With no significant use of intf outside of the probe() and
disconnect(), there is definitely no such "use intf as a flag" in any
of these drivers.

> You need to check for that in every driver
> you remove this code from and if you decide that it can safely be removed,

What makes you assume that I didn't check this in the first place? Or
do you see something I missed?

> which is likely, then please also remove checks like this:
>
>         struct ems_usb *dev = usb_get_intfdata(intf);
>
>         usb_set_intfdata(intf, NULL);
>
>         if (dev) {
>                 unregister_netdev(dev->netdev);

How is the if (dev) check related? There is no correlation between
setting intf to NULL and dev not being NULL.

I think dev is never NULL, but I did not assess that dev could not be NULL.

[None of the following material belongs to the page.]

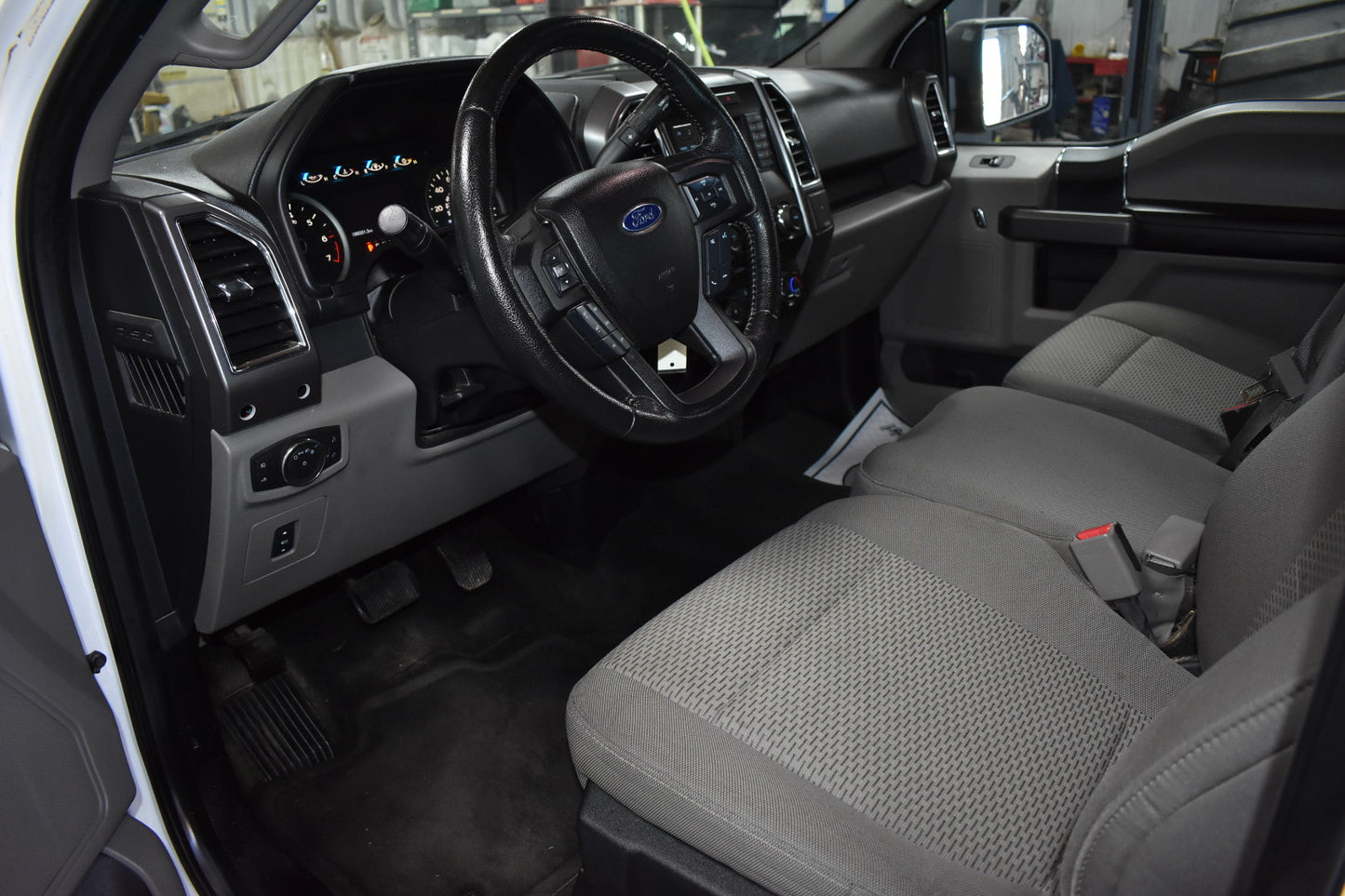 Car interior with steering wheel and dashboard in a workshop setting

> Either it can be called a second time, then you need to leave it
> as is,

Really?! The first thing disconnect() does is calling
usb_get_intfdata(intf) which dereferences intf without checking if it
is NULL, c.f.:

  https://elixir.bootlin.com/linux/v6.0/source/include/linux/usb.h#L265

Then it sets intf to NULL.

The second time you call disconnect(), the usb_get_intfdata(intf)
would be a NULL pointer dereference.

> or the check for NULL is superfluous. But only removing setting
> the pointer to NULL never makes sense.


Yours sincerely,
Vincent Mailhol
  
Oliver Neukum Dec. 8, 2022, 10:55 a.m. UTC | #3
On 08.12.22 10:00, Vincent MAILHOL wrote:
> On Mon. 5 Dec. 2022 at 17:39, Oliver Neukum <oneukum@suse.com> wrote:
>> On 03.12.22 14:31, Vincent Mailhol wrote:

Good Morning!

> ACK, but I do not see the connection.
Well, useless checks are bad. In particular, we should always
make it clear whether a pointer may or may not be NULL.
That is, I have no problem with what you were trying to do
with your patch set. It is a good idea and possibly slightly
overdue. The problem is the method.

> I can see that cdc-acm sets acm->control and acm->data to NULL in his
> disconnect(), but it doesn't set its own usb_interface to NULL.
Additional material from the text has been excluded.